日本一前夜 広岡監督の心理作戦に動揺する吉田監督を電話でなだめた元阪神社長語る(7)
元阪神球団社長の三好一彦氏(90)が、かつて全力を注いだ球団経営を振り返り、今に伝え遺す阪神昔話「三好一彦の遺言」の第7話は「日本一前夜」。西武との“決着”を控えた吉田監督の心の動きが「三好文書」からうかがえる。
阪神が日本一になったのは後にも先にも1985年の1度しかない。監督としては吉田義男が唯一の経験者ということになる。

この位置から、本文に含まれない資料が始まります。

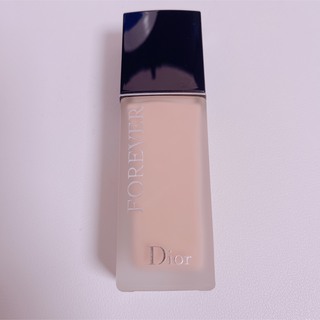 ディオール(Dior)のDior Dスキン フォーエヴァーフルイドマット 1N（010）(ファンデーション)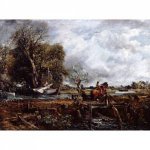 John Constable Leaping Horse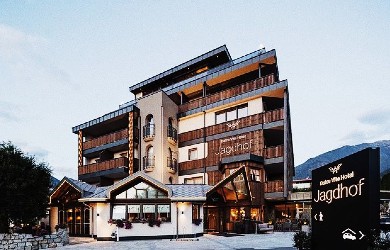 Hotel Jagdhof - Latsch-Laces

その2年後には最下位。天国から地獄へ。シャレで名付けた「天地会」にはかつて三好も参加していた。
21年ぶりのリーグ優勝から一気に頂点へ駆け上った、この年の西武との日本シリーズを三好は鮮明に記憶している。
またそれは表紙に「三好文書」と書いた分厚いノートにも克明に記されていた。そこから吉田の心の内を垣間見ることができる。
◆昭和60年11月1日(金)
日本シリーズ第6戦前日 立川の吉田監督とTel※写真参照
3勝2敗で敵地・西武球場へ乗り込む前夜のことだった。王手をかけているのに吉田はなぜか動揺していた。
三好「(球団職員から)決戦を前に監督が入れ込みすぎて落ち着きがないから、話をしてあげてほしいと言われてね。本人に電話したんです」
どうやら広岡監督が“2勝3敗は計算通りで6、7戦を所沢で勝って決着をつける”とマスコミに話しているという。この陽動作戦に吉田の心が乱され、イラついている様子だった。
三好「それは相手が自分の焦りを隠すために言ってるだけ。心配せず普通に戦えばいいと伝えました。“あすどこで見てくれはりますか”と言うから、急きょ向かうことにしたんです」
シーズン中、強気の吉田には選手起用に無理や焦りが出て墓穴を掘ることがあった。それだけが不安だった。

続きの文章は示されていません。